El texto apareció en el Diario Oficial el viernes 19 de mayo y entró en vigor al día siguiente de su publicación. Ni tardo ni perezoso, atentísimo lector del periódico gubernamental, el juez cuarto de distrito en materia penal con sede en Monterrey, Juan Manuel de la Fuente, acudió a su oficina en sábado y aplicó el mecanismo legal que ordena poner en libertad a los acusados de un delito que deja de serlo, sobreseyendo su causa. Lo notificó a los agraciados, Miguel Nazar Haro, Carlos Solana y Juventino Romero. Estos dos últimos, presos en el penal de Topo Chico, salieron de allí en las primeras horas del domingo, gratamente sorprendidos del súbito cambio de su suerte. La libertad de Nazar Haro fue formal, pues no está recluido en ninguna cárcel sino que vive otros procesos en su domicilio, debido a que es mayor de setenta años.

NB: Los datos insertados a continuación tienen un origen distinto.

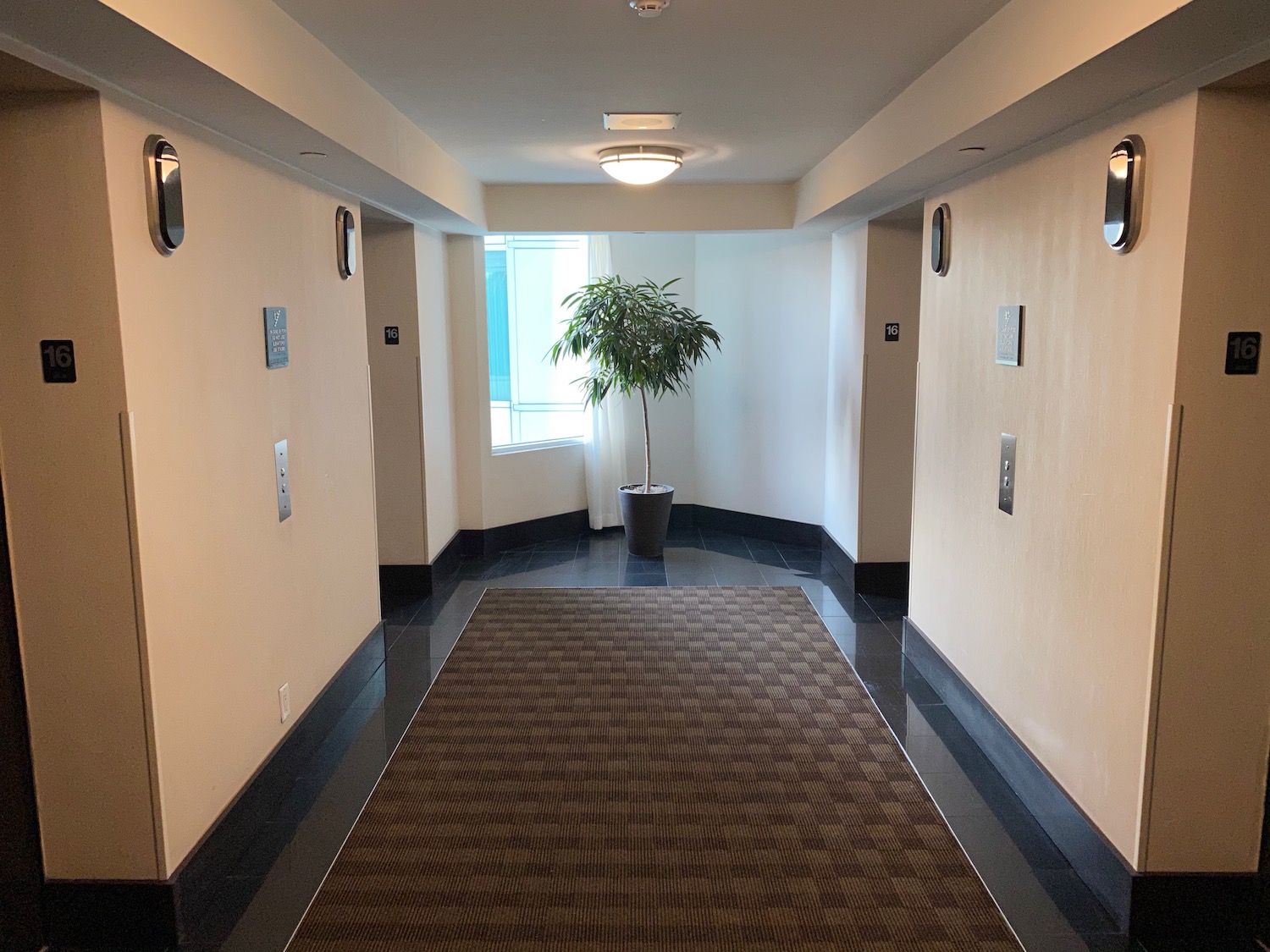 a hallway with a plant in a pot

Los tres habían sido acusados por la desaparición de Jesús Piedra Ibarra en 1975. Nazar Haro actuaba, a la sazón, como subdirector federal de seguridad (bajo las órdenes de Luis de la Barreda Moreno, también acusado en este caso e igualmente beneficiario de la reforma legal cuando lo detenga la remisa Agencia Federal de Investigación). Carlos Solana era el director de la Policía Judicial de Nuevo León, y Romero era agente bajo su mando. Estaban sometidos a proceso precisamente por el delito de violación de garantías individuales, que no era “inoperante” como alegó el diputado Alarcón sino que había operado en este caso.

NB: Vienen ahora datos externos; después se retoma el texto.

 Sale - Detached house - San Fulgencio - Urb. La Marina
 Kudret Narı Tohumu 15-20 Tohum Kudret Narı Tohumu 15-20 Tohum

El promovente de la derogación, según el dictamen había calificado de errónea la fracción eliminada, “porque no describe conductas ni tipifica delitos, sino sólo proporciona referencias normativas muy generales... Es decir, la posible aplicación de esta fracción viola lo dispuesto en el artículo 14 de la Constitución...”. No lo entendió así el juez federal que aplicó esa fracción, ni los inculpados acudieron al amparo por considerar que se estuviera aplicando la Ley por analogía o por mayoría de razón, métodos prohibidos en materia penal por el mencionado texto constitucional.
La prontitud con que obtuvieron su libertad los beneficiarios acaso indica que la reforma y su publicación obedecieron a un plan que inmediatamente se convirtió en hecho consumado. Pero también podría ocurrir que un propósito diferente les haya deparado un bien inesperado; si bien, como queda dicho, la iniciativa data de septiembre de 2004, su trámite se aceleró en marzo pasado, después de que Lydia Cacho presentó en la PGR denuncia contra el gobernador Mario Marín, precisamente por violación a sus garantías individuales, entre otros delitos. De pronto el diputado Alarcón habría visto en la aprobación de su iniciativa una adecuada manera de aligerar la eventual carga penal de su jefe político y comunicó a su bancada la pertinencia de proceder en tal sentido.
Aun si no hubiera tenido destinatarios, la reforma camina en sentido contrario a la necesidad de promover los derechos humanos, y favorece la arbitrariedad. Como dijo el dictamen senatorial, aunque en su contexto el argumento pretendiera servir a lo contrario, este “delito no puede ser cometido por particulares, habida cuenta que la violación de los derechos y garantías establecidos por la Constitución General de la República, considerados como derechos del individuo que limitan en el ejercicio del poder público, solamente se podría manifestar en actos de autoridad”.
Precisamente: la derogación de ese Artículo regala impunidad a los agentes gubernamentales. Se dirá que pueden ser frenados mediante acusaciones por abuso de autoridad. Pero, como se vio en los casos postreros de su aplicación, la fracción II del 364 servía para punir conductas arbitrarias.